With the score at 4-1, Korea's offence did not give up. Second-half substitute Kim Shin-wook, who came on for forward Park Chu-young, headed the ball down to Son in the area in the 72nd minute. Son's shot was blocked, but spilled to Lee Keun-ho, who sent it back across the face of the goal for captain Koo Ja-cheol to finish from close range.
Koo took no time to celebrate and sprinted straight back to the centre to restart play.
With 10 minutes to go, the Koreans began firing desperate long balls to "Our Giant" Kim, towering at 1.96 meters tall in the front, but he had little assistance to play out attacks.
In Korea's final attempts to score, Son blasted a free kick into the Algerian wall, but they only half cleared. Then Kim brought down a header for the onrushing striker Ji Dong-won, but Ji's shot flew just wide of the far post.
The defeated South Korean squad made its rounds at the end of the match to pay gratitude to the thousands of red-shirted supporters in the stands before leaving the pitch.
Coach Hong criticised the lack of communication in defence and offence, particularly when they saw the Algerian attackers moving.

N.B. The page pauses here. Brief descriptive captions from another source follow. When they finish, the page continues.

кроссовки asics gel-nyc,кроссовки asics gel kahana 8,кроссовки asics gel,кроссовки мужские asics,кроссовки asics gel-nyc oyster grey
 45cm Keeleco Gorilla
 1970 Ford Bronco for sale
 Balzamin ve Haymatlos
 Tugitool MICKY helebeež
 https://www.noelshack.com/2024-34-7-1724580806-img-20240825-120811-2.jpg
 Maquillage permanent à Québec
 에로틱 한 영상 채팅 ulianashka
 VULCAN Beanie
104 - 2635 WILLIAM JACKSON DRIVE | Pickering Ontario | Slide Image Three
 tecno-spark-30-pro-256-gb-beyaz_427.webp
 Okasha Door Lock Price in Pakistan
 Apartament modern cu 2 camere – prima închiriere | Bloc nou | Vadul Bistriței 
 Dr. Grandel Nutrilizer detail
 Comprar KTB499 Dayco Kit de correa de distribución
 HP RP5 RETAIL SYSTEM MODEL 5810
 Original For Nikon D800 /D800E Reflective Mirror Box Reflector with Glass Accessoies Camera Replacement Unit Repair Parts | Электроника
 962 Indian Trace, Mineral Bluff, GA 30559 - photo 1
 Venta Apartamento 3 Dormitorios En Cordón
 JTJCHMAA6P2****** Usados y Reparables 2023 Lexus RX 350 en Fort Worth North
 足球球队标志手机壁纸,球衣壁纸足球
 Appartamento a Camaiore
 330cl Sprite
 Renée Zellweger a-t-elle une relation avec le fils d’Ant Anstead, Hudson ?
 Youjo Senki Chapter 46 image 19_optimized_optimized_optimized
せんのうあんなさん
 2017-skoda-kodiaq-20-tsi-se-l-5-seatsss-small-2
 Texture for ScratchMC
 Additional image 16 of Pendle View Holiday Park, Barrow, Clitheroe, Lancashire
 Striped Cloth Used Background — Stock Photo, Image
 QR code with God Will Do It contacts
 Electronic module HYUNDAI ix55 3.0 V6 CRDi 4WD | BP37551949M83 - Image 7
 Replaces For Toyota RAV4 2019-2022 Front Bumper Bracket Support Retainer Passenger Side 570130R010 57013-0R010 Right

"It's important for the defensive players to communicate among each other. I think it was a good experience. It's something we can learn from, though the three goals we gave up in the first half were really regrettable," he said. "We'll have to put this loss (behind us) and prepare for the Belgium match."
Algerian coach Vahid Halilhodzic concurred that Korea's defence seemed to panic under pressure, and allowed his offence to take advantage of spaces.
"If you look at our tactics, we played in intervals and in depths. … Brahimi used the intervals and the spaces that the Korean team left. And then we counterattacked, we played in depth, and this is why there were many goal opportunities," he said. "The Korean team is well structured and they do their pressing very well, but when they have (the ball played deep on their side), it's a problem for them."
Algeria basked in the fresh possibility of reaching the Round of 16 for the first time. After being defeated by Belgium 2-1 last week, a victory against Russia would send Algeria to the knockout rounds.
"You have to thank the coach. We did whatever we could," said Man of the Match Slimani, who scored the first goal and assisted in the second. "It is a dream to reach the knockout stage and it's our aim."
Halilhodzic praised his players for an "almost perfect" first half, where they capitalised on the space available and maintained an impenetrable defence. The victory reflected three years of rebuilding a team, then ranked in the mid-50s, which now stands at world's No. 22 and is the best in Africa, he noted.
"I think after each match, we will get better and better. And I think that this victory, after 32 years, will do a lot for us. We are in high spirits," he said.
"There will be an additional challenge, which is to win against Russia," he added. "And this would be great for Algerian football to reach the knockout stage. It will be complicated, but everything is possible."
Earlier in the day, fellow Group H contenders Belgium and Russia played a stalemate until the 88th minute, when Belgium's Divock Origi scored the lone goal.
With Sunday's matches, Belgium sits atop the group with six points, followed by Algeria with three and Russia and Korea tied with one. The best two teams of Group H will take on the top two of Group G, consisting of Germany, the US, Ghana and Portugal.
South Korea plays Belgium in Sao Paulo on June 26 while Algeria heads to Curitiba to take on Russia for the final set of group matches.